Pablo Milanes "The Definitive Pablo Milanes: 60 Years On" (Wrasse, 2003)
I've never been a big fan of Cuban nueva trova troubadour Pablo Milanes, and this set of his later work (mostly from the 1990s) has plenty of the florid, softcore pop production touches that turn me off from his work. For fans, I suppose this would be a nice set. Not bad when he sticks strictly to the acoustic, but those tracks are few and far between.

Peru Negro "Sangre De Un Son" (Times Square, 2001)
Peru Negro "Jolgorio" (Times Square, 2003)

Blending Afro-Caribbean percussion with the Andean melodies of Peru's black regional enclaves, Peru Negro is one of South America's preeminent folkloric theatre groups. Founded in 1969, the troupe helped gather and formalize the music and dance of Afro-Peruvian creole culture, particularly the songs of the rural Chincha province. Peru Negro introduced Afro-Cuban percussion into the local styles such as the festejo, creating a sound that mixed prominent percussion with circular, multitextured rhythms and chanted vocal refrains. The group flourished in the 1970s, and waned in the 1980s and '90s, as political turmoil undermined Peruvian civic life. Here, they are resurgent in the new century, with a lineup that features percussionist Rory Campos, son of the group's late musical director Ronaldo Campos, and lead vocalist Monica Duenas -- the style is a bit formal, similar in spirit to Andean folk ensembles such as Inti-Illimani or Grupo Raiz, but fans of regional music may find much to captivate them here.

Tommy Peoples "Waiting For A Call" (Shanachie, 2003)
Another fine, fine instrumental album by this Irish master fiddler. When you're playing at the level Peoples is at, the need to push yourself and to find unusual new material -- or fresh takes on familiar tunes -- must be immense. On this new set, Peoples lives up to all our expectations... and then some! Odd, angular melodies, broken, unhurried rhythms, and keening, slight dissonances that create intricate new keys of their own are the hallmarks of his rugged yet eloquent, soulful style. Tune after tune will draw you in and richly reward close listening... I've never been a big fan of the endless jigs and reels of Celtic trad, but this album is a delight, full of surprising approaches to seemingly familiar music. No studio trickery or crossover touches either -- these tunes are played with the sparsest of instrumentation, either solo, or with a bit of guitar, but People's playing is ornate enough to match any hotshot trad band you can think of... An impressive performance... highly recommended!

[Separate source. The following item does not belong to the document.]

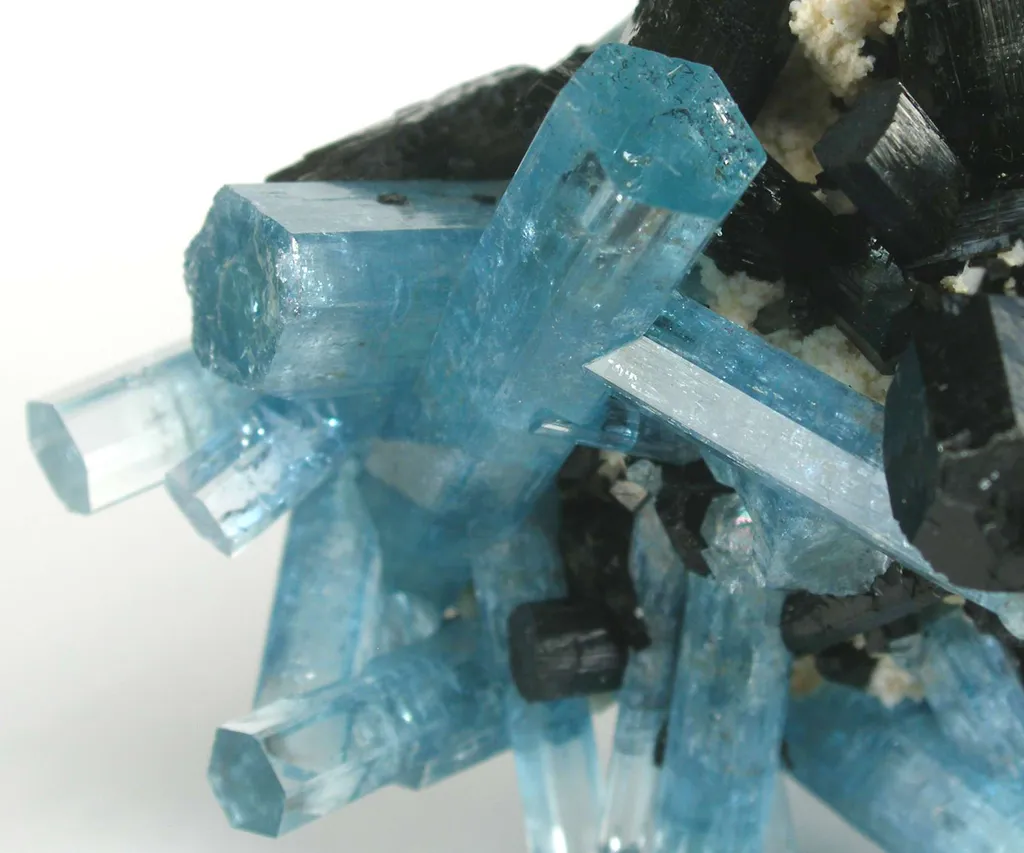 Aquamarine With Schorl - image 3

Ravi "The Afro Brazilian Project" (Arc Music, 2003)
The British-based kora player known as "Ravi" went over to Brazil to enlist some fine musicians for this project, including saxophonist Paulo Moura and indigenous music diva Marlui Miranda. Their voices seem lost in the shuffle, however, as is most of the "Brazilian" side of this project -- for the most part an acid-jazzy, easy listening/world beat vibe is what predominates, laced with his easy-on-the-ears kora work. Too sugary and mellow for me, but others may enjoy.

Tino Rossi "Compositions: 1932-1950" (Fremeaux & Associes, 2003)
Corsican-born crooner Constantino Rossi (1907-1983) had a bright, inviting voice, that dipped into flowery operatic culicues, but also lent itself to the sparkling charm of 1930s popular song. He may be a bit corny for some, but unforgettable for others. This is a fine 2-CD set, spanning the first two decades of his career, including sons taken from his numerous film appearances, and including glowing but useful liner notes in English and French. Other Tino Rossi collections may be more compact and more fun to listen to, but this one is fairly authoritative, and gives a good sense of Rossi's stylistic range.

Gregori Schechter & The Wandering Few "Klezmer" (Arc Music, 2003)
Warm, intelligent, multi-textured modern klezmer from this inventive British-based ensemble. The material is almost entirely from traditional folkloric sources, and some of the tunes sound like the same-old Jewish dance material, although the band is quite accomplished and the album is well-recorded and soft-edged, shorn of the often-shrill edge that klezmer bands often have... They shine on the quiet numbers that center around Schecter's clarinet or saophone, such as the delicate "Hora From Romania," and other more contemplative pieces that speckle this album. Recommended.

Solas "Another Day" (Shanachie, 2003)
Opening with an exuberance and assertiveness that should attract pretty much anyone's ear, this is a simply breathtaking set of melodic reels and songs, including fine interpretations of well-known works such as "I Wandered By The Brookside" and "Maire Mhilis Bhrea" that are performed on a calibre equal to that of any of the great performers who have sung them before. This much-vaunted Irish-American ensemble continues to live up to its reputation, as well as mature and ripen into a grand old band. Keep 'em coming!

Idrissa Soumaoro "Kote" (Wrasse/Syllart, 2003)
Unusual, atypical Malian pop music, with a softer, folkish edge to it, dipping into blues, acoustic musings and what seems almost like French musette music, on the album's opener, "Cherie." Although Soumaoro is a Bamako old-timer, an erstwhile member of Salif Keita's 1970s band, Les Ambassadeurs, this is actually his first solo album, recorded after decades of musical activity. In his day job, Soumaoro is a teacher for the blind, and has even formed a musical group whose members are all visually impaired. For something mellow and a bit different than the standard Malian fare, this is a record worth checking out.

Atahualpa Yupanqui "Piedra Y Camino: 1936/1947" (Discmedi, 2002)
Entrancing early works from this soulful Argentine guitarist and troubadour... Although on the opening notes you can tell that these recordings are much earlier than the better-known recordings issued on Odeon and Barclay in the 1950s and '60s (Yupanqui's voice is more youthful), the distinctive, alluring guitar style that he is known for is already well developed. Yupanqui is, quite simply, one of the most arresting and immediately compelling musicians I know of: one listen and you'll be hooked.

Atahualpa Yupanqui "Buenas Noches, Compatriotas..." (Acoua/Fremeaux Associes, 2000)
A live performance from 1983, at Argentina's Mar De Plata, replete with spoken recitations and asides... And plenty of gorgeous guitar glissandos and soulful strumming. Even in his golden twilight years, Yupanqui was a superior, transcendant performer. Recommended, even though you may find the audience applause a distraction from Yupanqui's gorgeous performances.

Various Artists "AFRICA STRAIGHT AHEAD" (Heads Up, 2003)
South Africa, in particular, has a long and deep jazz music tradition (witness Dollar Brand and Hugh Masekela, for example...) This disc collects straight jazz recordings from several different countries (and not just from Africa -- American jazzman Andy Narell leads on one of these tunes as well...) From a jazz perspective this all seems well and fine, though it's not particularly "African" for the most part, i.e. not a world fusion collection.